Note
This document is slightly dated and needs to include the new Mull IR Frontend.
This page contains a short summary of the design and features of Mull. Also the advantages of Mull are highlighted as well as some known issues.
If you want to learn more than we cover here, Mull has a paper: “Mull it over: mutation testing based on LLVM” (see below on this page).
Mull is based on LLVM and uses its API extensively. The main APIs used are: LLVM IR and Clang AST API.
Mull finds and creates mutations of a program in memory, on the level of LLVM bitcode.
All mutations are injected into original program’s code. Each injected mutation is hidden under a conditional flag that enables that specific mutation. The resulting program is compiled into a single binary which is run multiple times, one run per mutation. With each run, Mull activates a condition for a corresponding mutation to check how the injection of that particular mutation affects the execution of a test suite.
Mull runs the tested program and its mutated versions in child subprocesses so that the execution of the tested program does not affect Mull running in a parent process.
Note: Mull no longer uses LLVM JIT for execution of mutated programs. See the Historical note: LLVM JIT deprecation (January 2021).
Mull uses information about source code obtained via Clang AST API to find out which mutations in LLVM bitcode are valid (i.e. they trace back to the source code), all invalid mutations are ignored in a controlled way.
The default search algorithm simply finds all mutations that can be found on the level of LLVM bitcode.
The “black search” algorithm called Junk Detection uses source code information provided by Clang AST to filter out invalid mutations from a set of all possible mutations that are found in LLVM bitcode by the default search algorithm.
The “white search” algorithm starts with collecting source code information via Clang AST and then feeds this information to the default search algorithm which allows finding valid mutations and filtering out invalid mutations at the same time.
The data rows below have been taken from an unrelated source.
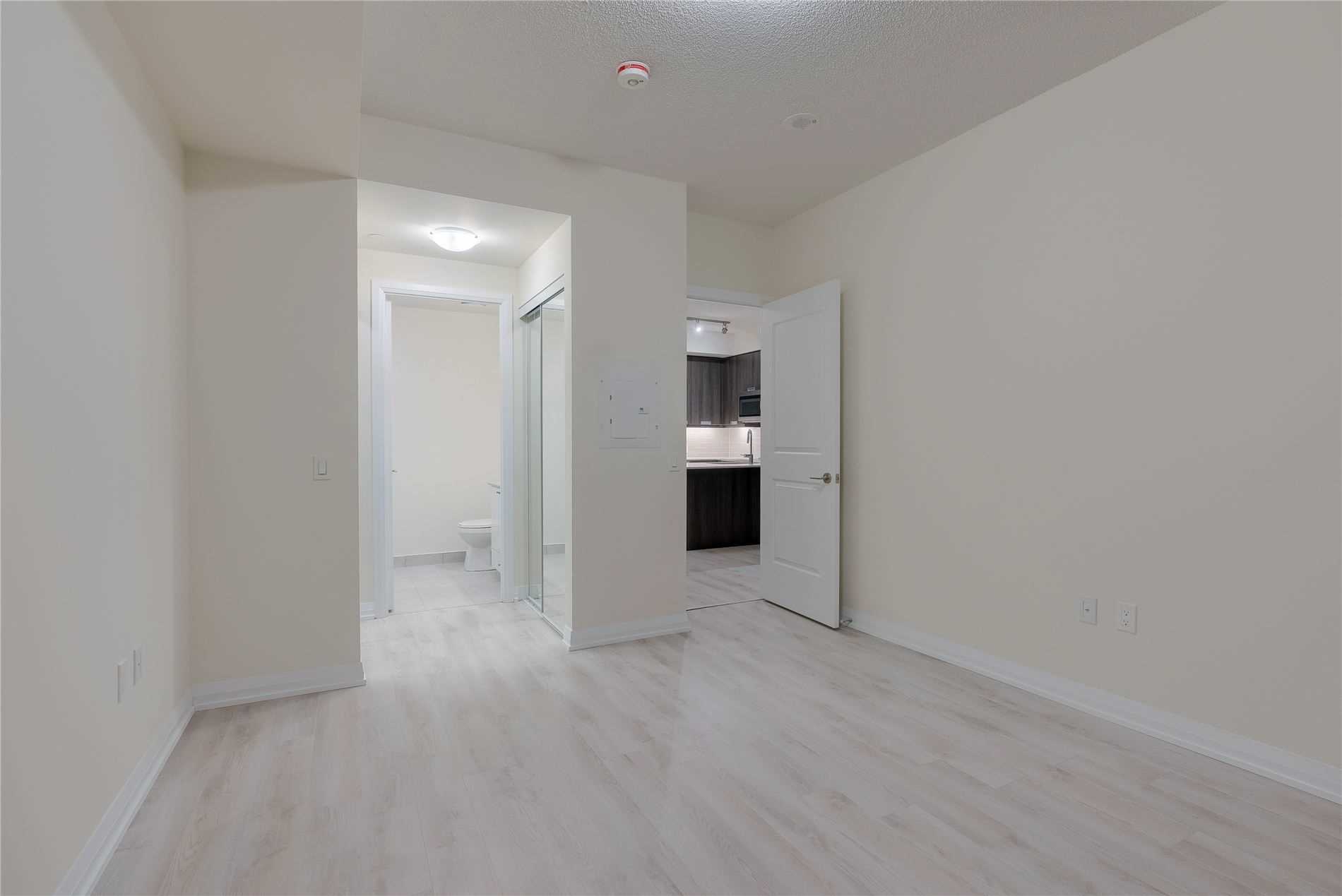 35 Watergarden Dr, #2013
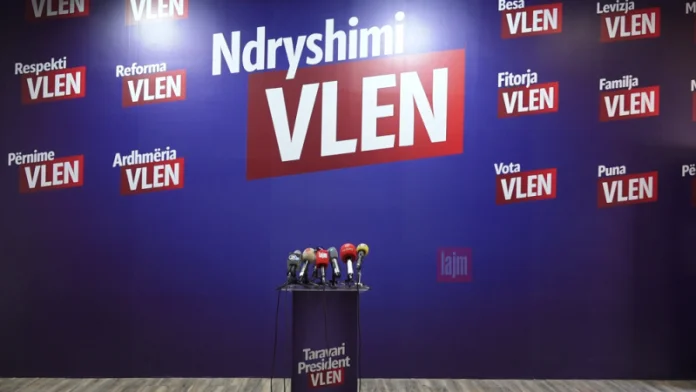 V LEN: 学生の抗議は20歳の不正行為を公開しています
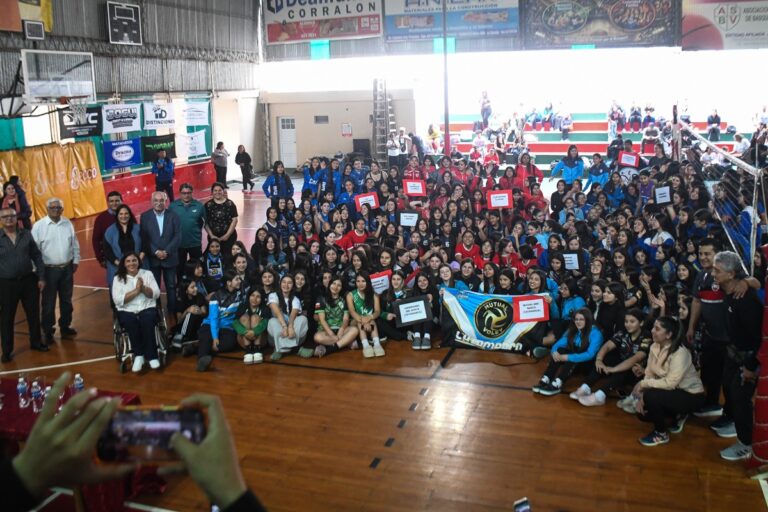 Con más de 300 jugadoras de todo el NOA se puso en Marcha el Torneo Regional Sub 14 de Vóley Femenino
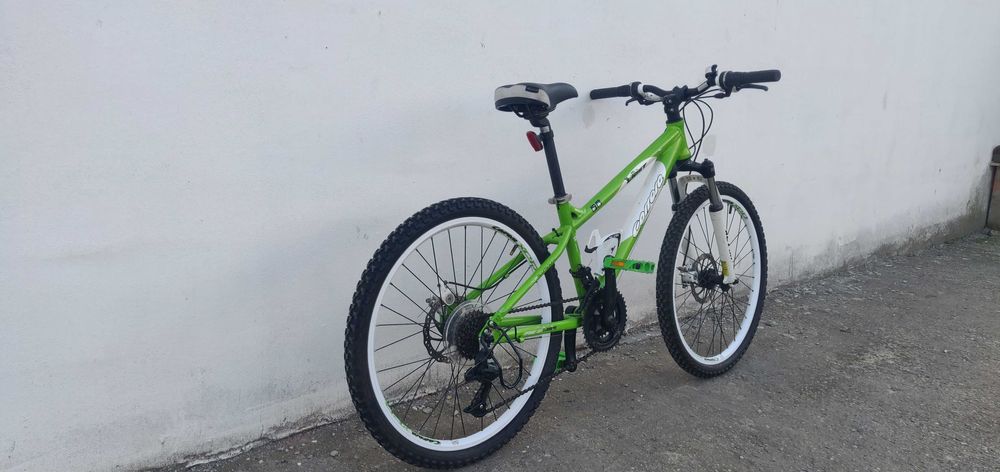 Bicicleta Mtb de copii cu roti de 24 inch frane pe disc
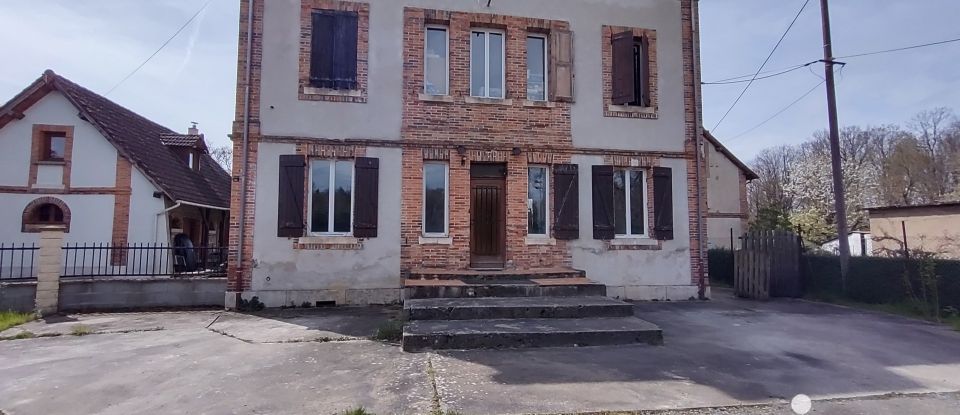 Maison de village 8 pièces de 262 m² à Chezal-Benoît (18160)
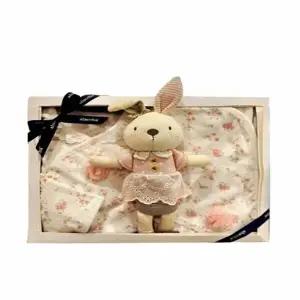 (압소바 의류) 로지배냇저고리 배냇슈트 딸랑인형 3종세트 26년여름신상 A1B10105G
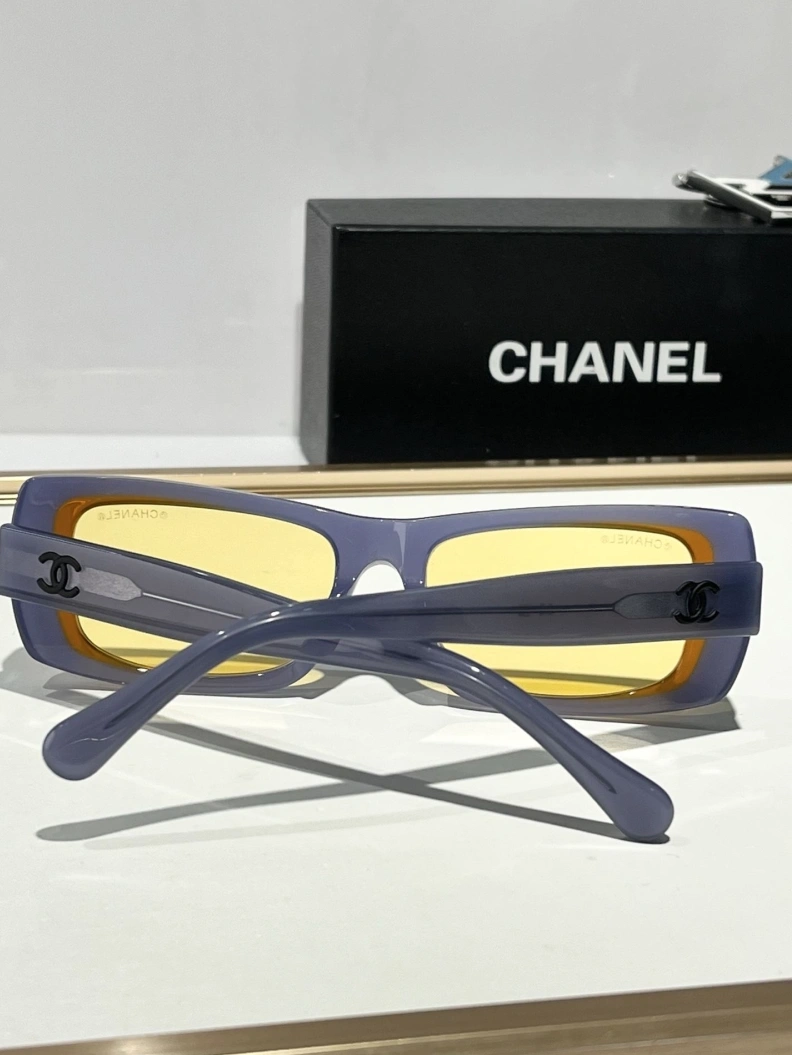 Fashionable Chxnxl Sunglasses 250912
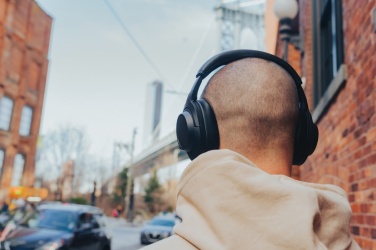 Logotrade reklaamkingid pilt: Irvine RCS taaskasutatud ja parandatavad ANC juhtmevabad kõrvaklapid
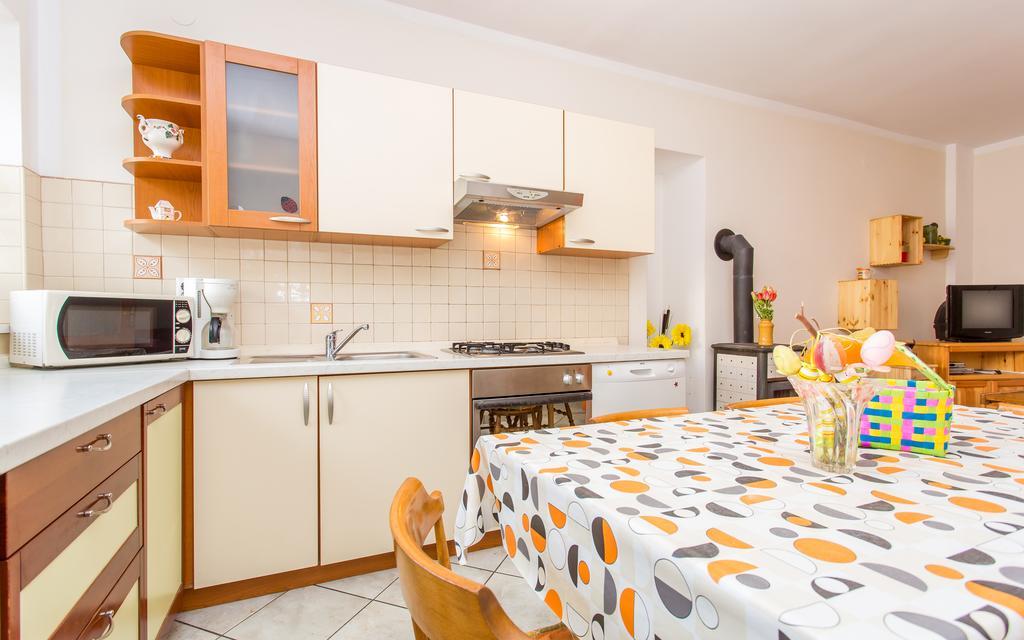 Polje  Apartment Ana מראה חיצוני תמונה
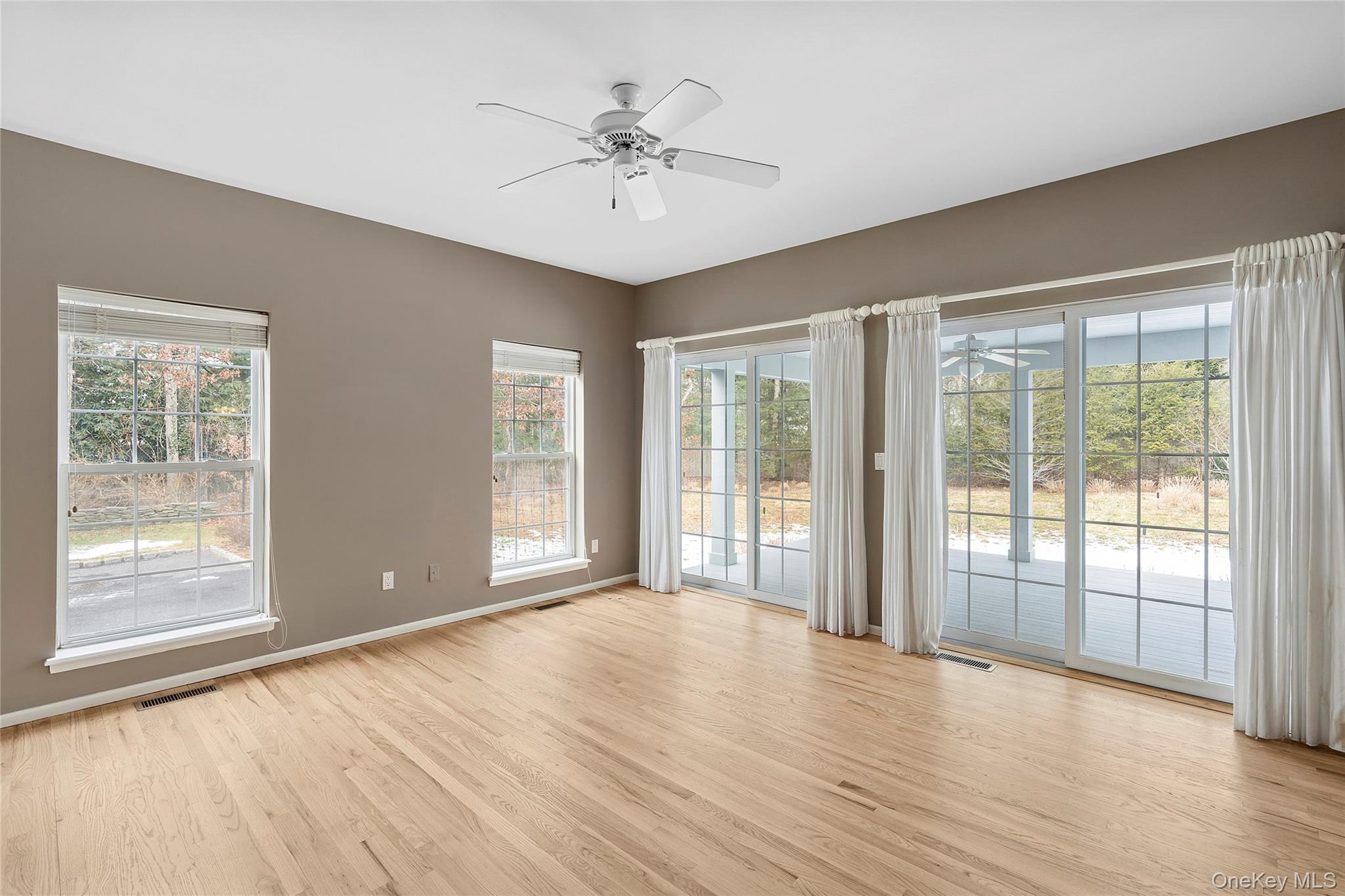 #8 photo, 97 Spring Close Highway, East Hampton , NY 11937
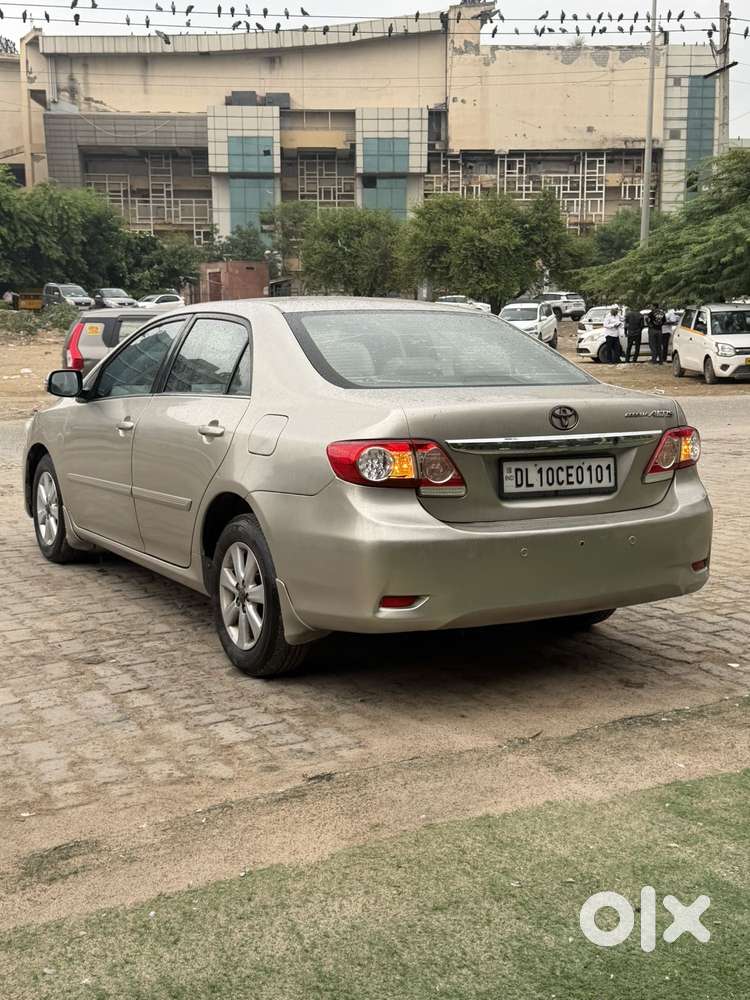 Toyota Corolla Altis, 2011, Petrol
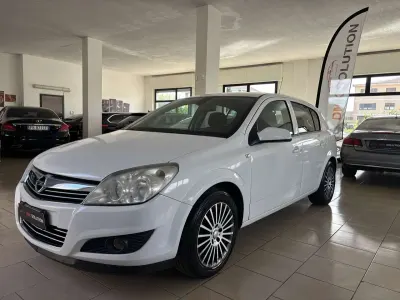 Usata Opel Astra Enjoy 90 CV (66 kW) 2009 Bianco Berlina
The black and white search algorithms are very similar in the reasoning that they do. The only difference is that the white search filters out invalid mutations just in time as they are found in LLVM bitcode, while the black search does this after the fact on the raw set of mutations that consists of both valid and invalid mutations.
The black search algorithm appeared earlier and is expected to be more stable. The white search algorithm is currently in development.
Mull reports survived/killed mutations to the console by default. The compiler-like warnings are printed to standard output.
Mull has an SQLite reporter: mutants and execution results are collected in SQLite database. This kind of reporting makes it possible to make SQL queries for a more advanced analysis of mutation results.
Mull supports reporting to HTML via Mutation Testing Elements. Mull generates JSON report which is given to Elements to generate HTML pages.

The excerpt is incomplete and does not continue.